= Records shown =
┌────────

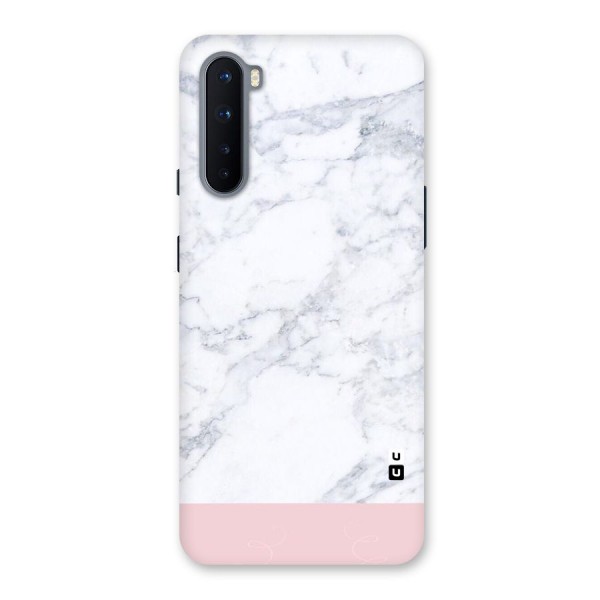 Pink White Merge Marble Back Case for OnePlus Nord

└────────
┌────────

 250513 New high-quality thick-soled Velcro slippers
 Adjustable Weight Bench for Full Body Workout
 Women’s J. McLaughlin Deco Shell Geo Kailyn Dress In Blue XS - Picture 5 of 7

└────────

= Problem requirements =
There is a run of lines above from the one with "Adjustable Weight Bench" to the one with "Women’s J. McLaughlin"; print exactly that run, both ends included, and nothing else.

= Task solution =
 Adjustable Weight Bench for Full Body Workout
 Women’s J. McLaughlin Deco Shell Geo Kailyn Dress In Blue XS - Picture 5 of 7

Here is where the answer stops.